# 遍历文档树
- 子节点
- 父节点
- 兄弟结点
- 回退和前进
- 搜索文档树
- 过滤器
- find_all
- 像调用find_all一样调用tag
- find
- find_parents 和 find_parent
- find_next_siblings() 和 find_next_sibling()
- find_previous_siblings() 和 find_previous_siblingx
- find_all_next() 和 find_next()
- find_all_previous() 和 find_previous()
- CSS选择器

In [1]:
html_doc = """
<html><head><title>The Dormouse's story</title></head>
    <body>
<p class="title"><b>The Dormouse's story</b></p>

<p class="story">Once upon a time there were three little sisters; and their names were
<a href="http://example.com/elsie" class="sister" id="link1">Elsie</a>,
<a href="http://example.com/lacie" class="sister" id="link2">Lacie</a> and
<a href="http://example.com/tillie" class="sister" id="link3">Tillie</a>;
and they lived at the bottom of a well.</p>

<p class="story">...</p>
"""

from bs4 import BeautifulSoup
soup = BeautifulSoup(html_doc, 'html.parser')

## 1 子节点
一个tag可能包含多个字符串或其他的Tag这些都是这个Tag节点子节点。
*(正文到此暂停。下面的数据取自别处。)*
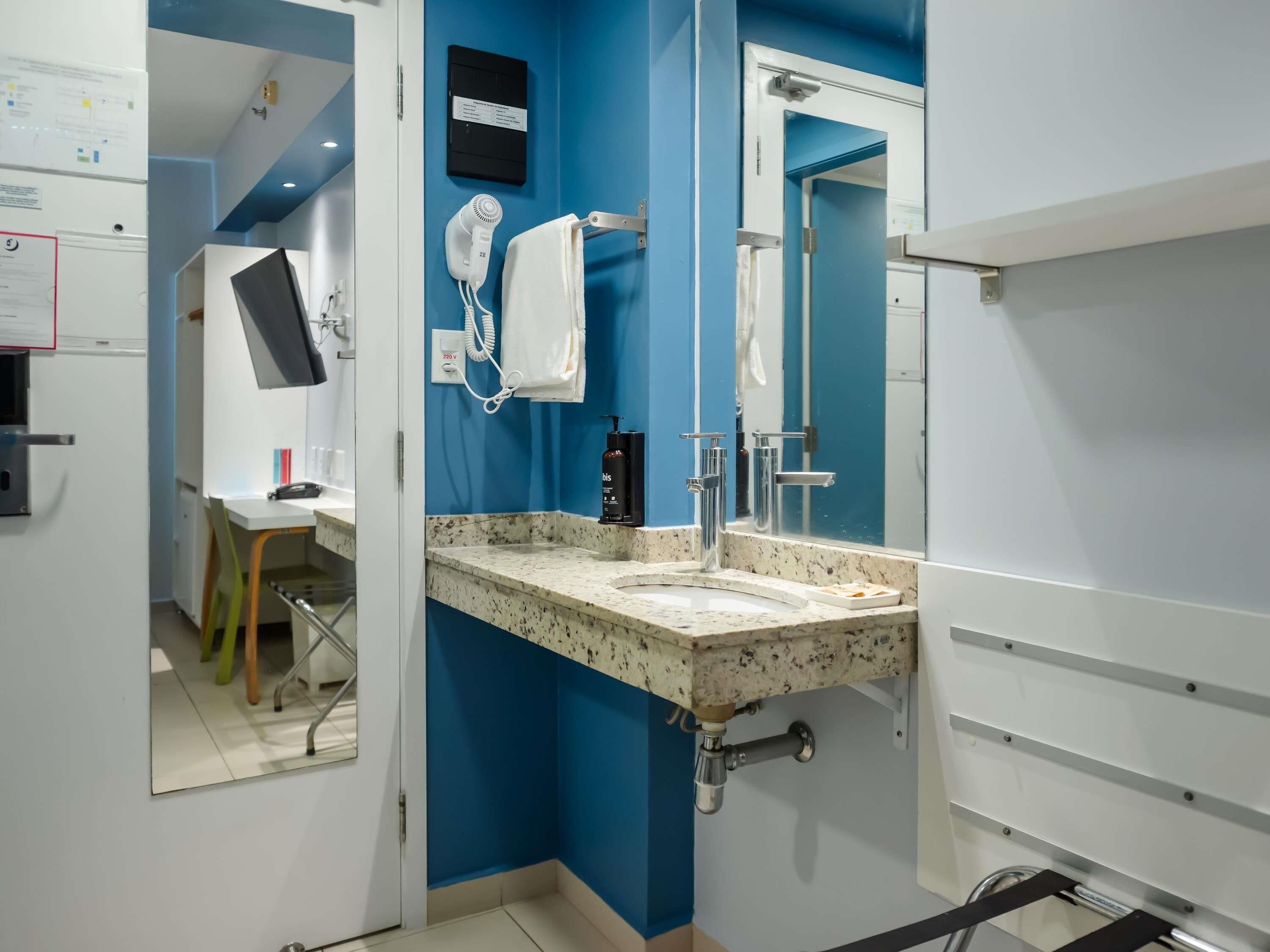 A modern bathroom with a blue accent wall, a sink with a granite countertop, a hairdryer, and a mirror.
Beautiful Soup提供了许多操作和遍历子节点的属性.

In [15]:
#------------------- tag的名字
"""
操作文档树最简单的方法就是告诉它你想获取的tag的name.如果想获取 <head> 标签,只要用 soup.head :
"""
print(soup.head) # <head><title>The Dormouse's story</title></head>
print(soup.title) # <title>The Dormouse's story</title>
print(soup.body.b) # <b>The Dormouse's story</b>

# 通过点取属性的方式只能获得当前名字的第一个tag:
print(soup.a) # <a class="sister" href="http://example.com/elsie" id="link1">Elsie</a>
print(soup.find_all('a'))
"""
[<a class="sister" href="http://example.com/elsie" id="link1">Elsie</a>, 
<a class="sister" href="http://example.com/lacie" id="link2">Lacie</a>,
<a class="sister" href="http://example.com/tillie" id="link3">Tillie</a>]
"""

#------------------------- .contents 和 .children
"""
tag的 .contents 属性可以将tag的子节点以列表的方式输出:

通过tag的 .children 生成器,可以对tag的子节点进行循环:
"""
head_tag = soup.head
head_tag # <head><title>The Dormouse's story</title></head>

head_tag.contents # [<title>The Dormouse's story</title>]
title_tag = head_tag.contents[0] 
title_tag # <title>The Dormouse's story</title>
title_tag.contents # ["The Dormouse's story"]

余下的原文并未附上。